ASKEV Sera’da akşam saatleri ise sinema ve müziğin ortaklığında geçti. Festival programında yer alan sessiz film Bir Zamanlar Avrupa (1897-1902), Hollandalı besteci ve piyanist Daan van den Hurk’un film için bestelediği müzik eşliğinde seyirciyle buluştu. Gösterimin ardından sessiz sinemaya müzik yapmanın incelikleri üzerine bir konuşma gerçekleştirildi. Daan van den Hurk, Venedik, Berlin, Amsterdam ve Londra’nın 120 yıl öncesine ait büyüleyici görüntülerinin bir araya getirildiği filmi, bir besteci olarak sinemayla ilişkisini ve üretim süreçlerini Ayvalık izleyicisiyle paylaştı.

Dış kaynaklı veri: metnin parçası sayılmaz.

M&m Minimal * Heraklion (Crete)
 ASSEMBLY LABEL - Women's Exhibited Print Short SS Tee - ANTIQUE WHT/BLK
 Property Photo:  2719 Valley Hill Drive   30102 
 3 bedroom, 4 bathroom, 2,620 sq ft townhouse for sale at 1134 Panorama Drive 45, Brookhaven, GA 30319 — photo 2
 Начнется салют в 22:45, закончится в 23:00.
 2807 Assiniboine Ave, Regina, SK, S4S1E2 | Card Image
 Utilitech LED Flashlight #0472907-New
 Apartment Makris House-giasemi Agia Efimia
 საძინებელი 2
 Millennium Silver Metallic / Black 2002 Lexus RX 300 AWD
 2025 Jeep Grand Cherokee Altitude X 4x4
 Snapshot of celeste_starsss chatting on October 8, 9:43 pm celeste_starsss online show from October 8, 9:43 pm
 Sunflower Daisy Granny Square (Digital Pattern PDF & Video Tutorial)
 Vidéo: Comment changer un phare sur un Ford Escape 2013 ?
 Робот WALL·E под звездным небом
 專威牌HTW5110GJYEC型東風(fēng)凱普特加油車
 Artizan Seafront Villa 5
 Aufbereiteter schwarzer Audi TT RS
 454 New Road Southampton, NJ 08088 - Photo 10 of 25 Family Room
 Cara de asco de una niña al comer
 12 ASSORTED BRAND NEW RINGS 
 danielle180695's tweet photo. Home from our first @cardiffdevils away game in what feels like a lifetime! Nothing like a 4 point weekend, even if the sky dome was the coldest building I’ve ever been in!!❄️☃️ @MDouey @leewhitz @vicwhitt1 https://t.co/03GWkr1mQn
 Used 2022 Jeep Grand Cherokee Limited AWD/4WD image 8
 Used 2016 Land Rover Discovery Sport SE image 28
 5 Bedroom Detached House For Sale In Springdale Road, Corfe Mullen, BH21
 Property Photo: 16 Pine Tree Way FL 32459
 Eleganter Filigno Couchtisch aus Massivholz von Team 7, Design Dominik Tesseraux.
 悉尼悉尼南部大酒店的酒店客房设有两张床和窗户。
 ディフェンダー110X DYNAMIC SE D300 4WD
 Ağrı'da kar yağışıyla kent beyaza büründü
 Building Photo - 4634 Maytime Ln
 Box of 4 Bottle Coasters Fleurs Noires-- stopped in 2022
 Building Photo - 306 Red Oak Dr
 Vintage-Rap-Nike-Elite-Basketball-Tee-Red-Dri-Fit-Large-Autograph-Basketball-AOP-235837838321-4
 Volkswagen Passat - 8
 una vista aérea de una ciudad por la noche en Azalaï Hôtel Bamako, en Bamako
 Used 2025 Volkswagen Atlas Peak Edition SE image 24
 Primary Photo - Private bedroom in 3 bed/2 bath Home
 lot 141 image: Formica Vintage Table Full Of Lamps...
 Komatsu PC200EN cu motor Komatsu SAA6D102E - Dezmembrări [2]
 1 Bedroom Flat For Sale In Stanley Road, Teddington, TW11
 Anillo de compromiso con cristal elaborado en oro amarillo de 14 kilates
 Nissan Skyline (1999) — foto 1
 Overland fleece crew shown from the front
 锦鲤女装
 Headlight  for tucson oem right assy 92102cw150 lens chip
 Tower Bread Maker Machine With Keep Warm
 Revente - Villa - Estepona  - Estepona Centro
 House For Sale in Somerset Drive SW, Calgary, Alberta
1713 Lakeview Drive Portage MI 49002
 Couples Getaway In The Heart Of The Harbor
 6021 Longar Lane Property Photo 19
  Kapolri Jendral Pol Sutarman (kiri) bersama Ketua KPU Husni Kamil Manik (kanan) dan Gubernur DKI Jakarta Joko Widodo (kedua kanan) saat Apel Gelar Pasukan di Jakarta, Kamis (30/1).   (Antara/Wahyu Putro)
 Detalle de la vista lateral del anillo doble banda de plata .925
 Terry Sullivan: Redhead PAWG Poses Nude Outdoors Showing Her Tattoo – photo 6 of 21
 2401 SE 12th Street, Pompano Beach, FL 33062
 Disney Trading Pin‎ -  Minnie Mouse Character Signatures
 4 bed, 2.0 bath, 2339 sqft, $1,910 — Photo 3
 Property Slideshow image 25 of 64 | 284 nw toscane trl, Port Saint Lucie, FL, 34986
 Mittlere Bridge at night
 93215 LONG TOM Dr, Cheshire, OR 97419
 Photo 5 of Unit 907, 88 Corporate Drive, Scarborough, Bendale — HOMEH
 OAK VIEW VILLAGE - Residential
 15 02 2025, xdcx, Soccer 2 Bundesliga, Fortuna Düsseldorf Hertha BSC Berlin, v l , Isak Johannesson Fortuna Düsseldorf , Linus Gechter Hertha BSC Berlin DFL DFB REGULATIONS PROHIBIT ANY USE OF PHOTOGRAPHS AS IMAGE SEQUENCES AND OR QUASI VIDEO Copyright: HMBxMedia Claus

Festivalde gösterimler bu yıl Ayvalık Belediyesi Vural Sineması Nejat Uygur Sahnesi, Fabrika Ayvalık, Kırlangıç Ayvalık ve ASKEV Sera’da. Biletler indirimli 170 TL, tam 220 TL olarak Biletix, Biletinial ve Fabrika Ayvalık’taki gişe üzerinden satışta. Kırlangıç Ayvalık’taki gösterimlerin tüm biletleri 100 TL’den satışa sunulurken ASKEV Sera gösterimleri ise ücretsiz gerçekleştiriliyor.